20060817T165613.744,EDT [Indexer.java 1184]: Indexing failure, db
changes will be rolled back and partial index deleted.

java.io.IOException: Lock obtain timed out:
Lock@C:\WINDOWS\TEMP\lucene-22b8462f0f541160a41abfdff8d52f94-write.lock

at org.apache.lucene.store.Lock.obtain(Lock.java:56)

at
org.apache.lucene.index.IndexReader.aquireWriteLock(IndexReader.java:489
)

at
org.apache.lucene.index.IndexReader.deleteDocument(IndexReader.java:514)

at
org.apache.lucene.index.IndexReader.deleteDocuments(IndexReader.java:541
)

at ...Indexer.buildIncrementalIndex(Indexer.java:915)

...



Why it couldn't get that temporary lock file, I don't know. The same
process runs continuously, and I don't know if Lucene reuses the same
tmpnames from run to run. If the files were left around because of
these JVM File system errors, maybe that would explain it.
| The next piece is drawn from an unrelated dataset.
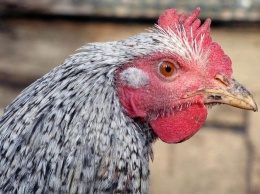 В ЕБРР одобрили новую маркировку курятины "без антибиотиков"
The "partial index deleted" part of our message means that we did a
recursive (java) delete of all the index directories we were working
with. Our attempt to clean the slate got everything but
contact_index\_3zhe.cfs.



An hour later, we come back and try to start another index build. We
find the directory still exists, so we try to validate the index version
number using

searcher = new
IndexSearcher(FSDirectory.getDirectory(indexFile, false));

TermQuery tq = new TermQuery(new
Term(METADATA_DOCUMENT_FIELD, METADATA_DOCUMENT_FIELD_VALUE));

Hits h = searcher.search(tq);

if (h.length() == 1)

...

finally

{

if (searcher != null)

{

try { searcher.close(); } catch (Exception e) { /*
ignore */ }

}

}



Obviously with only the _3zhe.cfs file left, it's not a valid index, so
the attempt to get the metadata fails. No matter what happens, we do a
searcher.close(). My suspicion is that IndexSearch.close() isn't really
doing a File.close() on all the files it's using, so you have to wait
until searcher is garbage collected and its file objects finalized
before things will work - because immediately after this check, Lucene
fails a full build with

20060817T175614.323,EDT [Indexer.java 843]: Error building full index

java.io.IOException: Cannot delete
\\xx.xx.xx.xx\indexbuild2\contact_index\_3zhe.cfs

at
org.apache.lucene.store.FSDirectory.create(FSDirectory.java:198)

at
org.apache.lucene.store.FSDirectory.getDirectory(FSDirectory.java:144)

at
org.apache.lucene.index.IndexWriter.<init>(IndexWriter.java:224)

...



Doing a full build, Lucene does it's own attempt to clear out the
leftovers which fails because it can't delete the file. And we're stuck
in this loop all night.



The guy who wrote the Indexing code says the version check is the only
place in the code where we have an IndexSearcher created using a file
path string - that all others have a pre-existing IndexReader. He wants
me to try it that way instead, so that we can explicitly close the
reader and hopefully clear that loose file handle.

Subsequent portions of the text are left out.